Prof.º José Paulo: Existe uma frase do Ortega sobre a relação que ele faz entre a pessoa e o indivíduo, o eu e sua circunstância. Nela, ele diz que o indivíduo Dom Quixote é o indivíduo da espécie Cervantes. Essa relação entre o personagem e o autor da obra em parte responde essa questão da conexão entre filosofia e literatura – não do ponto de vista da hermenêutica, mas da fenomenologia ou dessa tomada de distância que essa relação exige no encontro entre os que fazem a vida ou escrevem uma obra. Essa atitude executiva dos diferentes planos de vida, o plano de vida que temos no cotidiano tem haver com a aventura de estarmos vivos. Esse viver é um aventurar-se e esse processo de aventura da vida é um processo também de destinar-se. Por isso que não tem como ficarmos, nessa relação com a vida, do ponto de vista filosófico e literário, separando o personagem dos autores, do sujeito, dos indivíduos. Enfim, dessas pessoas que são personagens das nossas histórias.

Ética de alteridade, práticas neoliberais e a prevalência da ótica da economia na defesa da vida durante a pandemia – 28min 29seg

Pergunta do público: Em que medida podemos encontrar nas reflexões de Ortega uma ética da alteridade como alternativa aos modos de subjetivação dos modos neoliberais responsáveis pela massificação do sujeito prostrado ao nosso modelo econômico? A pergunta refere-se ao momento atual, no qual a preocupação fundamental por parte do Estado parece ser a defesa da vida apenas segundo a ótica da economia. 

Professor José Paulo: O giro ético é, justamente, aproximar um pouco nosso tempo e o mundo de pandemia, que é um mundo cético, relativista e reducionista, ao pensar a vida de uma forma mais focada em uma das suas dimensões importantes como a economia, mas essa economia da vida não pode estar separada da própria ética ou do valor que a vida acaba tendo na relação com a economia. Se precisarmos fazer uma escala ou colocar isso dentro de uma medida de valor, sabemos que não existe economia separada da vida – em particular no Brasil com a situação de um governo que não apenas descuida ou de alguma forma não prioriza as questões relacionadas à vida e à saúde das pessoas, mas que tem uma relação de desprezo, uma situação que podemos classificar de fascista, autoritária, totalitária. Nesse contexto, você na sua responsabilidade de governante expressa um pouco a própria relação que existe entre os governantes e os governados. Essa dimensão ética da vida está evidentemente associada à tomada de decisão das pessoas em relação às suas prioridades. O professor destaca que esse é um momento importante para ler e conversar mais sobre o projeto filosófico de Ortega, porque ele traz de volta a filosofia para a vida, para a proximidade com o que nos circunda, que são as pessoas com as quais a gente se encontra e o drama dessas pessoas. Essa é uma questão ética, mas é preciso destacar que essa ética é inseparável da questão política, da questão da decisão da governança e da responsabilidade pela sustentação e existência dessas pessoas, no caso de populações inteiras que, agora, estão vitimadas pela pandemia.  

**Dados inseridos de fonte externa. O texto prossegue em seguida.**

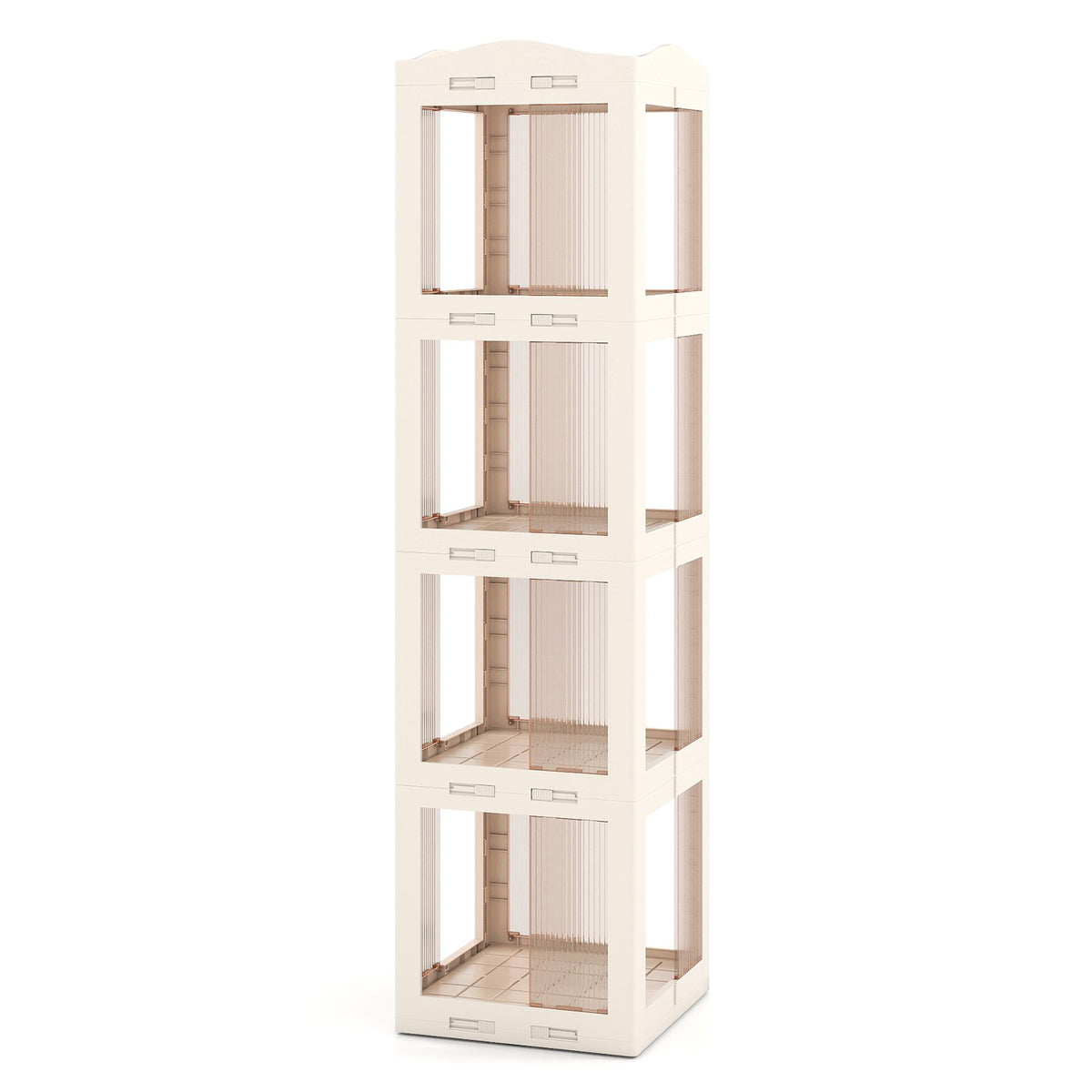 4-Tier Foldable Rotating Bookshelf with Swivel Base and Translucent Panels-White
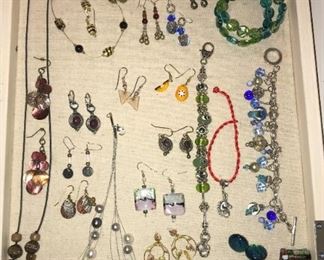 Costume jewelry - some handmade  - some crystal & glass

A tematização da morte na filosofia de Ortega – 32min 57seg

Pergunta do público: Na filosofia de Ortega, aparece a tematização da morte, do morrer ou do luto? Existe um diálogo com o que é estabelecido por Heidegger? 

Prof.ª Margarida Amoedo: A resposta é categoricamente não. Na verdade, um dos traços mais evidentemente distintivos entre Ortega e o filósofo Unamuno é o fato de Ortega dizer que a morte faz parte da vida e, portanto, sua concentração do ponto de vista reflexivo é na vida e nos problemas da vida. Não significa que não exista referências à morte, mas a morte não é um dos temas por excelência da filosofia orteguiana. Entretanto, é possível estabelecer algum confronto entre o estilo de pensamento orteguiano e de Heidegger. 

Prof.º José Paulo: A filosofia do Ortega é a afirmação da vida. O professor identifica uma diferença importante entre Heidegger e Ortega, feita por ele na distinção entre o uso que Heidegger faz do conceito de cuidado ou de cuidar-se e o conceito de preocupação, uma categoria axial desenvolvida em As Orteguianas. A preocupação orteguiana não é apenas em relação à existência do ser. Na sua interpretação, a perspectiva de Heidegger é muito mais existencialista do ponto de vista da razão prática do existencialismo. Ortega tem uma relação com a vida, evidentemente fundada na sua materialidade, no aspecto físico, mas ele tem um recorte, um apelo espiritual ou transcendental que faz com que a morte, de alguma forma, seja vista e seja tratada como uma dimensão da própria transcendência humana. Essa marcação da diferença entre preocupar-se e cuidar-se pode ajudar a compreender o aspecto entre vocação e futurição, entre o sentido da própria vida com a destinação da nossa vida. Esse é um ponto de encontro e também de desencontro entre as duas filosofias.

A contribuição da filosofia orteguiana para uma vida pulsante – 38min 29seg

Pergunta do público: Hoje considero a escola desconectada da realidade dos alunos, professores, famílias e comunidades, embora reconheça o esforço feito nesse sentido.  A filosofia de Ortega poderia contribuir para que essa fosse uma vida pulsante?

Prof.º José Paulo: A obra de Ortega tem várias entradas e não podemos reduzir ela a sua proposta pedagógica educacional, mas Ortega fala da escola como a escola da vida. Ainda muito jovem, ele reflete sobre a pedagogia da paisagem. A escola continua sendo e ela evidentemente precisa ser reposicionada dentro de um projeto democrático e de um projeto político na formação das gerações. O tema da vida é inseparável do tema da geração e do tema da formação humana, da existência humana. Nesse aspecto, a contribuição do pensamento orteguiano é muito importante de duas maneiras principais. A primeira é o programa da sua filosofia que ele chama de proposta de inteligência do amor vital, componente importante de um programa educacional que vale para a atual e futuras gerações. O segundo aspecto desse programa de afirmação filosófica em favor da vida é que a vida não nos é dada pronta, ela precisa ser permanentemente trabalhada, refeita e de alguma forma aperfeiçoada. O estamos tentando fazer com o programa Filósofos Inovadores e o Seminário Exigências da Educação é tematizar a exigência educacional e a  necessidade de fazer da educação o coração do projeto de democracia de uma cidade, de um país. Esse é o tema do nosso tempo a questão da formação de formadores e da formação das próximas gerações.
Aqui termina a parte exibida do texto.